Who: Ondrej L. Krivanek (Nion R&D, and Department of Physics, Arizona State University, Tempe, Arizona, USA)
Place: nanoGUNE seminar room, Tolosa Hiribidea 76, Donostia - San Sebastian
Date: Friday, 29 September 2017, 11:00
Modern-day electron microscopes are able to form intense electron probes as small as 0.5-1 Å in diameter, or slightly larger probes that have an energy spread <10 meV. This allows them to analyze single atoms spectroscopically (by electron energy loss spectroscopy (EELS) or energy-dispersive X-ray spectroscopy (EDXS)), and to probe the chemical composition of organic materials while avoiding radiation damage.
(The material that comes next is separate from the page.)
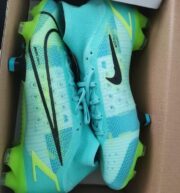 Soccer cleats pallet - Image 6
Nion has pioneered many of these advances, by developing STEM aberration correction technology (in the 1990s), and then a new electron microscope that is able to acquire images and spectra from single atoms (in 2008, with continuing developments since), and which may make atom-by-atom materials engineering a practical reality. We have also introduced a new type of a monochromator, which allows materials to be probed by vibrational EELS carried out with better than 10 meV energy resolution and about 1 nm spatial resolution, as well as damage-free vibrational analysis in an ?aloof? mode.
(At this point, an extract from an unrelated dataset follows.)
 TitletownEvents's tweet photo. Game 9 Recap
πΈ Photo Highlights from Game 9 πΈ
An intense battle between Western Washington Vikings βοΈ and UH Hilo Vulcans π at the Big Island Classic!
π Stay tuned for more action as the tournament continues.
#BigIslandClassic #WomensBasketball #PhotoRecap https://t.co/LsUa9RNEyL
My talk will review these advances and illustrate them with practical examples.
Ondrej L. Krivanek, FRS, is the President of Nion Co., and Affiliate Professor at Arizona State University. He is well known for pioneering new techniques of structure research and for developing new instruments, from simple-to-operate serial and parallel detection electron energy-loss spectrometers (EELS) and imaging filters to the first working aberration corrector for a scanning transmission electron microscope (STEM).
In 1997 Ondrej and Niklas Dellby founded the Nion Company, which introduced instruments that have established many important benchmarks, including the first-ever sub-Å electron probe, single-atom EELS and EDXS, and vibrational spectroscopy in the electron microscope.
Ondrej is an Honorary Fellow of Robinson College Cambridge and of the Royal Microscopical Society, and Fellow of American Physical Society, the British Institute of Physics, the Microscopy Society of America and the Royal Society.